Queen regnant of the Maya city-state of Cobá (r. 640–682)

Lady Kʼawiil Ajaw or Ix Kʼawiil Ekʼ (617-682) was a queen regnant of the Maya city-state of Cobá in 640–682.

It is not clear how she succeeded to the throne or how she is connected to her predecessors. She appears to have succeeded a male ruler. It is seen as likely that she was the daughter, granddaughter or niece of her predecessor. She does not appear to have been the first woman ruler of Cobá. Archeological evidence appear to attest to a ruling queen, also named Lady Kʼawiil Ajaw (I) and with the title kaloomteʼ, ruling as the founder of the Coba dynasty in the late 5th- or early 6th-century. Monuments of a second woman, who ruled around the year 600 (Che'enal), has been found at Coba. Lady Kʼawiil Ajaw (II), therefore, appears to have been at least the third woman to rule in the city state.

She bore the title kaloomteʼ ('superior warrior'), which was a very high title in contemporary Maya culture, and not worn by all rulers. She is depicted on the Stela 1 of Coba. The front of Stela 5 likely portrays the husband of Lady Kʼawiil Ajaw. He is depicted only once, while she is depicted many times, signifying that she held the actual power, and he was her consort.
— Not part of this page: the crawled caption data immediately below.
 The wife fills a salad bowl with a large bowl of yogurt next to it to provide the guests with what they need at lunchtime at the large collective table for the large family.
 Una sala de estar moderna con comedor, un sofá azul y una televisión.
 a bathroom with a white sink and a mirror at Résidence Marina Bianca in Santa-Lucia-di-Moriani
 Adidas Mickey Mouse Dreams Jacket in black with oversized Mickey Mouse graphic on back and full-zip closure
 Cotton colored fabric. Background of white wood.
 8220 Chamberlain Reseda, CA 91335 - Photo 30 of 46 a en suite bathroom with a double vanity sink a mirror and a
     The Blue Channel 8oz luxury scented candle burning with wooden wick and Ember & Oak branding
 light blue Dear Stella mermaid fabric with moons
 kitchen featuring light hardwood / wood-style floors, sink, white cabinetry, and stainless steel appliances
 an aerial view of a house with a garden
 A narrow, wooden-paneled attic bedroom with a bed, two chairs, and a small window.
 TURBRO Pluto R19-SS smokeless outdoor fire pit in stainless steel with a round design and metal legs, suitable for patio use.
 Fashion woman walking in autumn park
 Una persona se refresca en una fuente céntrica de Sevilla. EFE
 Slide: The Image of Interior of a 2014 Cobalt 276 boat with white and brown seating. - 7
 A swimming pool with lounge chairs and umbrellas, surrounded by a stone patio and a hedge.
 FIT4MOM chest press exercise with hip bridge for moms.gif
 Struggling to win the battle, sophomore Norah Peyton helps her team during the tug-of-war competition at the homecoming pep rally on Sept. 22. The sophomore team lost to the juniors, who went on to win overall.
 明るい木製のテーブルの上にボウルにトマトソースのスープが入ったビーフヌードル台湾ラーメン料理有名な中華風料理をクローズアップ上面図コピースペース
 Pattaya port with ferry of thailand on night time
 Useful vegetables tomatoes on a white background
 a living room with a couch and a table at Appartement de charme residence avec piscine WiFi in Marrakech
On the stelae she commissioned, she is depicted presiding over, or treading upon, over a dozen captives under her feet, a larger number than any other Maya queen, and more than almost any other Maya king. Her portraits regularly show her wearing a belt with triplicate jade masks, and associated dangling celts, which was costume elements otherwise found only in portraits of males.

Many monuments in Coba attest to the reign of Lady Kʼawiil Ajaw (II). She herself commissioned stelae 1 and 5 of Cobá. Her reign took place during a period of golden age of Coba, with political continuity, economic prosperity, and expansionistic, militaristic power, and not a vassal of Calakmul, which many other Maya states at this point were. Yaxuná were either conquered by Coba, or consolidated as its possession, during her reign. She was possibly the monarch who ordered the construction of Cobá's famous causeway, Sacbe 1, between Cobá and Yaxuná. K’awiil Ajaw led successful military campaigns that led to the expansion of Cobá's territory.

She appears to have been succeeded by king Chan Yopaat in 682. Archaeological evidence, and inscriptions from Tikal and Edzná, suggest that Cobá's power waned shortly after her death.